Born in 1903 to affluent Jewish parents, Irma Irina Némirovsky spent time in France at regular intervals, developing a love for the country. “She was a French writer whom fate had caused to be born in Kiev, and her Russian, less innate than bookish, would remain imperfect. For Irène Némirovsky, Russian would always be that ‘wild, sweet language’ of the East, where she was born.” The authors largely refer to Némirovsky as “Irène,” the name she adopted upon her family’s exile to France after the overthrow of the czar, though they also refer to her as “Irina” or “Irotchka,” mirroring the sparring between the author’s Russian-Jewish roots and her Francophile tendencies.
In 1929, Némirovsky published David Golder, a commercially successful novel with anti-Semitic overtures, an aspect which the authors make short shrift of: “By the age of 18, Irène Némirovsky knew how to use irony about things that were dear to her, so as to make them worthy of literature.
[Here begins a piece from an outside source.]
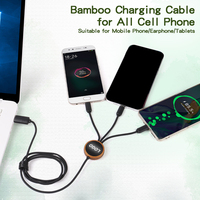Câble de charge 3 en 1 personnalisé, écologique, avec logo LED lumineux, en bambou, en bois, USB-C, multi-USB, câble de charge 3 en 1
Those critics who, in 1930, would give a cool reception to the Soifers, Fischl, and the other grotesque caricatures of Jews in David Golder, ignored this aspect of her character.” A later passage declares that, while attending a charity fair at a French cultural venue in Kiev, and after having recited the Duke of Reichstadt’s speech before the assembled benefactors, it was “thus, probably for the first time, beneath the tricolor flags and paper chains, [that] Irotchka felt French by right, a right with which comes a love of a language and a culture.” The “youthful unawareness” of the author aside at the time she wrote David Golder, it would seem that, in the end, Irène won out over Irotchka.
This book is by and large a monument to a great writer that seeks to fill in the gaps in her documented life with quotes and adaptations from her novels. This is a liberty we can abide, given that the author was not yet 40 when she died, but it eventually becomes tiresome and overbearing. The authors scramble to explain the origins of this unique woman, best known for her vivid, genuine depictions of France, written at the very time of its invasion. Reading of Némirovsky’s escape from Russia, her first forays into womanhood, and meeting the man who would become her husband, it is clear that Némirovsky’s life was an interesting one, a life that could easily withstand some forthright speculation on the authors’ behalf.
Solid connections are made between Némirovsky’s deep loathing for her mother and the volatile relationships between many of her protagonists and their mothers. A link is also made between the suicide of Némirovsky’s nanny in a river and the overwhelming number of the author’s characters that seem to find watery graves, begging the question of whether dramatizing factual accounts of Némirovsky’s life is necessary “to make them worthy of” telling.
The answer, of course, is no. While the book is extremely well researched, this account of Irène Némirovsky’s life strives too hard for relatability, speculating too heavily on the wealth of material that Philipponnat and Lienhardt clearly know well. The sad truth is that, just as the content of the three missing volumes of the Suite Française won’t ever be known, the sentiments and intentions of their author cannot be done justice by musings carried out upon her literary oeuvre. In lieu of another attic discovery, all else is just speculation.